One of life’s undeniable truths is that the Earth is constantly rotating on its axis.
What you might not know is just how fast it is doing so.
Different parts of our planet experience different rotational speeds depending on their geographical location.
The equatorial regions have the highest rotational speed, which is why rockets and satellites are often launched from there.
The speed at the equator is no less than 1,037 miles per hour.
To put this in perspective, the Shanghai Maglev train, the fastest commercial high-speed electric train in the world, travels at only one-fifth the speed of the Earth’s rotation at the equator.
Why Don’t We Feel Earth’s Rotation?
Now that you know the Earth rotates blisteringly fast on its axis, you might wonder why we don’t feel it.
The short answer is that the Earth spins at a constant speed, so there are no changes in its rotational speed.

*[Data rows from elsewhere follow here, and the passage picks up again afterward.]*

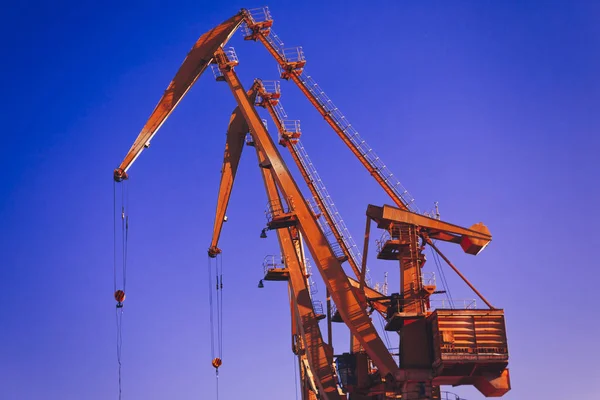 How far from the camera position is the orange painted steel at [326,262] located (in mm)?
40188

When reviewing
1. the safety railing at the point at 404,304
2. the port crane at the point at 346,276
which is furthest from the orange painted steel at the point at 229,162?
the safety railing at the point at 404,304

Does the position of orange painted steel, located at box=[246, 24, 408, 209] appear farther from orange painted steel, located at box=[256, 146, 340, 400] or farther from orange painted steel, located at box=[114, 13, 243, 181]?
orange painted steel, located at box=[256, 146, 340, 400]

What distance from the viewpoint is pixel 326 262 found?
1679 inches

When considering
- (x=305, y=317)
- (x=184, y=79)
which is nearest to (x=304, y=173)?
(x=184, y=79)

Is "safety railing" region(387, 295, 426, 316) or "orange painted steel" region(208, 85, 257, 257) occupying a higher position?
"orange painted steel" region(208, 85, 257, 257)

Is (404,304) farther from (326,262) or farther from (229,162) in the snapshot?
(229,162)

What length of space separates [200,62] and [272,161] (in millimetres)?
8459

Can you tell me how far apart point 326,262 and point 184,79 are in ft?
47.8

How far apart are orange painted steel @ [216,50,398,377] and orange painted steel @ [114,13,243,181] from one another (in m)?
3.27

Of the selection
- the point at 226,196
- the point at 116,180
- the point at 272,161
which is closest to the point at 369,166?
the point at 272,161

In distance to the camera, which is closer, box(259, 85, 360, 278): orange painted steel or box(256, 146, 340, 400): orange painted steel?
box(256, 146, 340, 400): orange painted steel

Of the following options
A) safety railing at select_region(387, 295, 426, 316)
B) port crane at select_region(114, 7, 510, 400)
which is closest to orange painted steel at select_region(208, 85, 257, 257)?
port crane at select_region(114, 7, 510, 400)

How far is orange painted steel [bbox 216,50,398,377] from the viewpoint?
40188mm

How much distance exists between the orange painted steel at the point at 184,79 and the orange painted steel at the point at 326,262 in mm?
3271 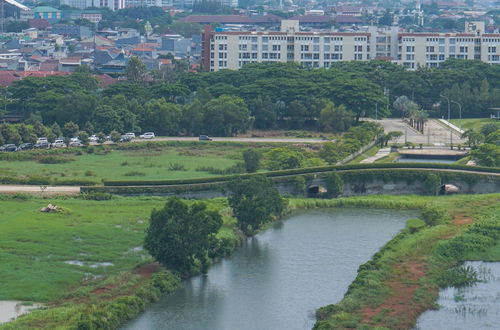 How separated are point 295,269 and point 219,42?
2509 inches

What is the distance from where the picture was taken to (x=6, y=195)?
55188 millimetres

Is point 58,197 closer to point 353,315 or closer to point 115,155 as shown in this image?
point 115,155

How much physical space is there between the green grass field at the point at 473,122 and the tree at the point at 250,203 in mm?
33335

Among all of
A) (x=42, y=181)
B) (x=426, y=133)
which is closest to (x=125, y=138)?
(x=42, y=181)

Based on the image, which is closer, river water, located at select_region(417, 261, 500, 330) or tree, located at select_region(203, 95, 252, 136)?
river water, located at select_region(417, 261, 500, 330)

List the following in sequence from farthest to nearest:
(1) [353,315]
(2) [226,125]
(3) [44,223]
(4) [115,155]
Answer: (2) [226,125], (4) [115,155], (3) [44,223], (1) [353,315]

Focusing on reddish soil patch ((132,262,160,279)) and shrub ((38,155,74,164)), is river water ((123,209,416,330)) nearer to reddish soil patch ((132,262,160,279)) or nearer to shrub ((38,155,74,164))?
reddish soil patch ((132,262,160,279))

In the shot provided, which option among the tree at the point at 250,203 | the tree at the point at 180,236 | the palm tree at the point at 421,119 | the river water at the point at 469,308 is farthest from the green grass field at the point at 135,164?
the river water at the point at 469,308

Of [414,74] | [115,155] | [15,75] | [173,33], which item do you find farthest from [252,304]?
[173,33]

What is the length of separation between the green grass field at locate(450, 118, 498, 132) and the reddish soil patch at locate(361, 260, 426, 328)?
→ 37.3m

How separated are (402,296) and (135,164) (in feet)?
93.9

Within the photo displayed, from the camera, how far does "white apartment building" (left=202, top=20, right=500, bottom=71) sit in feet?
349

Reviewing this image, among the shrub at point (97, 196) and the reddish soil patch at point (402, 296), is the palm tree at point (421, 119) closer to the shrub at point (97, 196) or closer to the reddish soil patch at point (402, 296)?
the shrub at point (97, 196)

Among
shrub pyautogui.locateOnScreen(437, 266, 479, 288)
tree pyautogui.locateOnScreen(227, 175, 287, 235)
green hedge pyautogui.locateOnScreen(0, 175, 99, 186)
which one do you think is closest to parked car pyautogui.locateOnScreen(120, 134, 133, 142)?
green hedge pyautogui.locateOnScreen(0, 175, 99, 186) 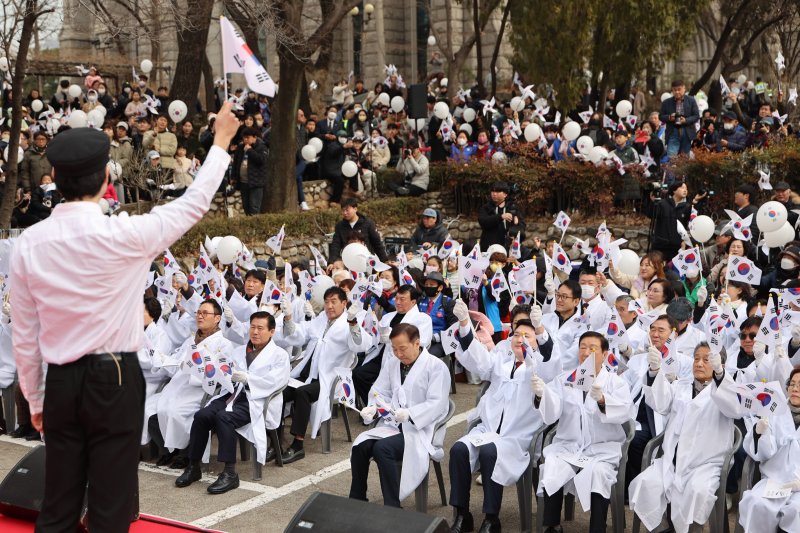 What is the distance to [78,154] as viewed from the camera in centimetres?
339

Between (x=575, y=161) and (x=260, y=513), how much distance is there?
10.8 m

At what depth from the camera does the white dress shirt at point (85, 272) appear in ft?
11.0

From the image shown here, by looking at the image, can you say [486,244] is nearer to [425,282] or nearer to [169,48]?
[425,282]

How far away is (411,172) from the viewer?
730 inches

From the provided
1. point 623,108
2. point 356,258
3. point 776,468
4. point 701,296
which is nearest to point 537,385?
point 776,468

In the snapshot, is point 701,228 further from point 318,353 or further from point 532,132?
point 532,132

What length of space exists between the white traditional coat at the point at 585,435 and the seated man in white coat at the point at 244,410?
92.2 inches

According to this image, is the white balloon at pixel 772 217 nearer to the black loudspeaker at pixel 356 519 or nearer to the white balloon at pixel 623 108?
the black loudspeaker at pixel 356 519

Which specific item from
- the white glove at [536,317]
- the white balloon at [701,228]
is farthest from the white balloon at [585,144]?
the white glove at [536,317]

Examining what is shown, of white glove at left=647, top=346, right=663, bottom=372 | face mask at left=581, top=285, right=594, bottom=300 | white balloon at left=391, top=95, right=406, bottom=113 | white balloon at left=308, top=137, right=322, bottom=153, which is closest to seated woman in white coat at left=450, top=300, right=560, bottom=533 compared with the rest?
white glove at left=647, top=346, right=663, bottom=372

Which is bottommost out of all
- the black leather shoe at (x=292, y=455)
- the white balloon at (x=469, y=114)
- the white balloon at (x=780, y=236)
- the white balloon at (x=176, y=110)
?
the black leather shoe at (x=292, y=455)

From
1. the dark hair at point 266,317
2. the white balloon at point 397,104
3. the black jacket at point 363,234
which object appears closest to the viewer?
Answer: the dark hair at point 266,317

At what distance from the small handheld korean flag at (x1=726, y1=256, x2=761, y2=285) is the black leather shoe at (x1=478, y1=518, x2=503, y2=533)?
150 inches

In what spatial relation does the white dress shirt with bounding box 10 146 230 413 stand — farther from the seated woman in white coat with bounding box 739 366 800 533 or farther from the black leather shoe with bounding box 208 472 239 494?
the black leather shoe with bounding box 208 472 239 494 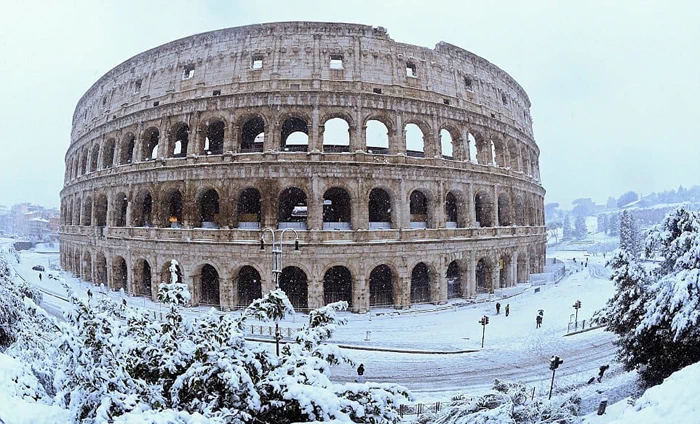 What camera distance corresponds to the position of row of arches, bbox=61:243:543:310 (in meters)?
24.0

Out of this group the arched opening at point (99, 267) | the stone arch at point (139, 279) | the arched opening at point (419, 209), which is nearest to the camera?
the stone arch at point (139, 279)

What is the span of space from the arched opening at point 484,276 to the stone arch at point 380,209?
8668mm

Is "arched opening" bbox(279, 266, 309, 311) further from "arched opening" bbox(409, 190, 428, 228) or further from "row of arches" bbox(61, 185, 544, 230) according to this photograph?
"arched opening" bbox(409, 190, 428, 228)

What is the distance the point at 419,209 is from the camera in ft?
95.7

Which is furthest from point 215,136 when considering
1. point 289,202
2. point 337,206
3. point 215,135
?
point 337,206

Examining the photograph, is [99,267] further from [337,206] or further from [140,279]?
[337,206]

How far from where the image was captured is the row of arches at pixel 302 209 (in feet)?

We humans, living on the surface, move along with it at the same speed.
This is why we don’t feel any direct physical effects of the Earth’s spin.

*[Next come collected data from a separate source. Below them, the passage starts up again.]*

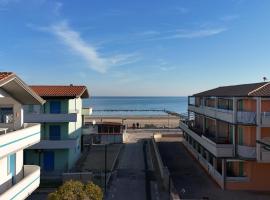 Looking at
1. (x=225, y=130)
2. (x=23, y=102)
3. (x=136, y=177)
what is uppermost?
(x=23, y=102)

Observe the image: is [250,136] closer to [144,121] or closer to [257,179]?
[257,179]

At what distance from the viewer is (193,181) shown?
35.9 meters

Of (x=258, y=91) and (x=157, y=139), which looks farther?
(x=157, y=139)

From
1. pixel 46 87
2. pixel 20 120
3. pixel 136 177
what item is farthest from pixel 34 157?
pixel 20 120

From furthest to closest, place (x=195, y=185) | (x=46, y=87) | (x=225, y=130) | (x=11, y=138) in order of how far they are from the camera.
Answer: (x=46, y=87) → (x=225, y=130) → (x=195, y=185) → (x=11, y=138)

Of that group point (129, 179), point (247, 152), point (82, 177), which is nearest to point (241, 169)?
point (247, 152)

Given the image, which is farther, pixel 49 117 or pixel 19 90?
pixel 49 117

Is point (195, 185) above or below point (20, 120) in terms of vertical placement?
below

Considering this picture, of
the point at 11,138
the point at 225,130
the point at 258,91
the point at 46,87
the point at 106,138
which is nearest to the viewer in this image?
the point at 11,138

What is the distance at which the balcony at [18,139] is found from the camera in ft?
51.9

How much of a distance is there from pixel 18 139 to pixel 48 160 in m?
23.7

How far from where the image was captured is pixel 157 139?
6406 cm

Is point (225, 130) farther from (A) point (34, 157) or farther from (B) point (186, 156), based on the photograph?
(A) point (34, 157)

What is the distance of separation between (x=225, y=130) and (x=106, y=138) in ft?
89.3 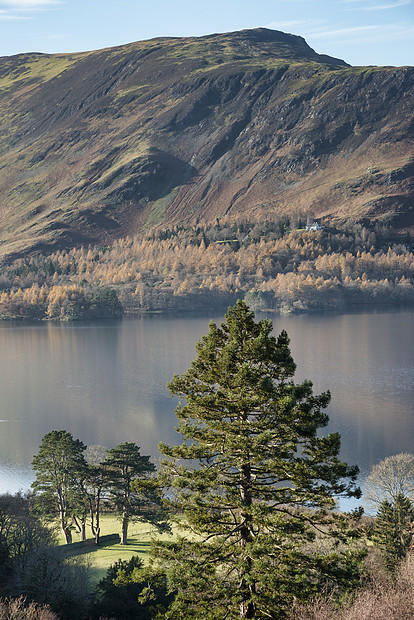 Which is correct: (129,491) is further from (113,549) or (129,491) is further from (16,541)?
(16,541)

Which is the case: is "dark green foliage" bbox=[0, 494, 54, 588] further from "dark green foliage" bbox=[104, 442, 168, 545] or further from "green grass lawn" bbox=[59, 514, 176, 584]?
"dark green foliage" bbox=[104, 442, 168, 545]

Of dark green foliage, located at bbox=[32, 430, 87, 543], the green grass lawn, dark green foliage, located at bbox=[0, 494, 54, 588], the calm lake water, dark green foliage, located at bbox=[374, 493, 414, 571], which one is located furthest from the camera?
the calm lake water

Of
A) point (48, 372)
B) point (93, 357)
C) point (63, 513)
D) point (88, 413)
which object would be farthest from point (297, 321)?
point (63, 513)

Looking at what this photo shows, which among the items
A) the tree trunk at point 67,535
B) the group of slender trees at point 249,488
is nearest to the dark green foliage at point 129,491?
the tree trunk at point 67,535

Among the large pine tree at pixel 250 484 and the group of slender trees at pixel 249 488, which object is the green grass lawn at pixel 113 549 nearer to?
the group of slender trees at pixel 249 488

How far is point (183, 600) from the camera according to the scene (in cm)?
1802

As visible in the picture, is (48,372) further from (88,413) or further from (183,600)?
(183,600)

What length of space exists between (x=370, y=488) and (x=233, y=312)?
32.2 m

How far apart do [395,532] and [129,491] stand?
16.6 meters

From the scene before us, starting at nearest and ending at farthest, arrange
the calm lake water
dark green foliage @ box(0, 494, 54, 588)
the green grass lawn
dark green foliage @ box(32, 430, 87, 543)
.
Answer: dark green foliage @ box(0, 494, 54, 588), the green grass lawn, dark green foliage @ box(32, 430, 87, 543), the calm lake water

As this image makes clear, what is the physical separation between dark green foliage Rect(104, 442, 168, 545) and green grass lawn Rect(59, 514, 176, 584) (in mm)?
1028

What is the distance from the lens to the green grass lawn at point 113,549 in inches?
1281

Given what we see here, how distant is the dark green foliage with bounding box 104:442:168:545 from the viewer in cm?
3881

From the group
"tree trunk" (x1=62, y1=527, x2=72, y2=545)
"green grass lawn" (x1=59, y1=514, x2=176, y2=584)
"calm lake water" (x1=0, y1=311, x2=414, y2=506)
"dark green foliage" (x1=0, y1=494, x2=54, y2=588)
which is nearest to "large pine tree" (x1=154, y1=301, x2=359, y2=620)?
"dark green foliage" (x1=0, y1=494, x2=54, y2=588) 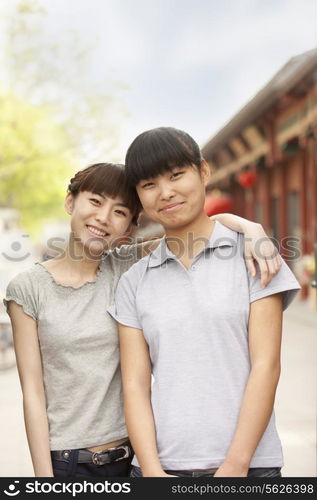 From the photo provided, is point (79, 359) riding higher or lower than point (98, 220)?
lower

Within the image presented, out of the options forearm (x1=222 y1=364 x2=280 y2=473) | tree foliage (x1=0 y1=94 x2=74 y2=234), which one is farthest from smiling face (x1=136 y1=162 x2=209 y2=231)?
tree foliage (x1=0 y1=94 x2=74 y2=234)

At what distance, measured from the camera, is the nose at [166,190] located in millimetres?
1922

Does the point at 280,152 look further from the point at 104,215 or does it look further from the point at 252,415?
the point at 252,415

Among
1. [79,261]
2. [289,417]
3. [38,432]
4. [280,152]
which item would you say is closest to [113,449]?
[38,432]

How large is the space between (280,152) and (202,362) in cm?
1664

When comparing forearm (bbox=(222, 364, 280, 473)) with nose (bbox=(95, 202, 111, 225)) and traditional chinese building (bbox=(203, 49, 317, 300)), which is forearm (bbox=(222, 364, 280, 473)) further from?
traditional chinese building (bbox=(203, 49, 317, 300))

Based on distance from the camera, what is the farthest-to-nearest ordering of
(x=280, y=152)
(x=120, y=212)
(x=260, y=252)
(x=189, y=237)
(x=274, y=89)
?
(x=280, y=152) → (x=274, y=89) → (x=120, y=212) → (x=189, y=237) → (x=260, y=252)

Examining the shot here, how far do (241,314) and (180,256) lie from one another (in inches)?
9.6

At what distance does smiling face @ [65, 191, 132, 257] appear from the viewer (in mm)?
2092

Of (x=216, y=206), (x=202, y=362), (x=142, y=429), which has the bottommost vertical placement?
(x=142, y=429)

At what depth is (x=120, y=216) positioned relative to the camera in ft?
6.95

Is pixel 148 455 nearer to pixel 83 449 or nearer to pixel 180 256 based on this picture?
pixel 83 449

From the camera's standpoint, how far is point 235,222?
2.07 meters

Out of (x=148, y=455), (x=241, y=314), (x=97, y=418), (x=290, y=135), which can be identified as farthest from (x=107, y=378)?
(x=290, y=135) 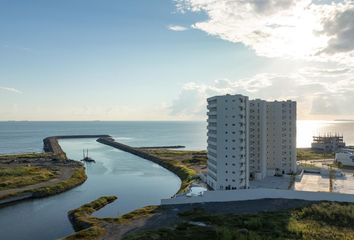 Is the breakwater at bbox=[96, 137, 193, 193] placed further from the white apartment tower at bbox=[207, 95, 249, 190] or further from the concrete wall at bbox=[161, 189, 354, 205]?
the concrete wall at bbox=[161, 189, 354, 205]

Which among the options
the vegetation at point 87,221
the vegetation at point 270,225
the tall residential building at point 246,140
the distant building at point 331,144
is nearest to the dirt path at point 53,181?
the vegetation at point 87,221

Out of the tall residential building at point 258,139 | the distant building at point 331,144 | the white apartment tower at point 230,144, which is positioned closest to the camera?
the white apartment tower at point 230,144

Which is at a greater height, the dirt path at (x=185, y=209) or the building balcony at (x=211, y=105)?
the building balcony at (x=211, y=105)

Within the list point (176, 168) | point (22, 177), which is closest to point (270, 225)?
point (22, 177)

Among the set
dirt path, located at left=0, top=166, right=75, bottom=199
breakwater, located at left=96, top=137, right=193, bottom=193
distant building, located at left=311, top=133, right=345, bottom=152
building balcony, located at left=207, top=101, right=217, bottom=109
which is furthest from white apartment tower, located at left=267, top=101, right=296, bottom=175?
distant building, located at left=311, top=133, right=345, bottom=152

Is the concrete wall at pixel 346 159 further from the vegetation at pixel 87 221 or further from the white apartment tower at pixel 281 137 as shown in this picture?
the vegetation at pixel 87 221

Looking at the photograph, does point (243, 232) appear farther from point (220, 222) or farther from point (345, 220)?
point (345, 220)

Understanding Through the Bus Analogy
This phenomenon can be better understood with the help of a traveling bus analogy.
When you’re sitting in a bus that’s moving at a constant speed of 40 miles per hour, do you feel like you’re moving at the same speed?
Of course, you don’t because you are sitting inside it and therefore moving along with it at the same speed.
Your motion is coupled with the motion of the bus.
In technical terms, there is no relative motion between you and the bus.
We perceive motion only when there is some relative motion between two objects.
Since everything inside the bus – the seats, window bars, and other passengers – moves at the same speed as the bus, it’s somewhat difficult to imagine that all of us are clocking 40 miles per hour.
Perception of Movement and Inertia
However, when the bus makes a sharp turn, decelerates rapidly, or halts suddenly, the movement of the bus becomes obvious because, in each of those scenarios, there appears to be relative motion between the bus and you.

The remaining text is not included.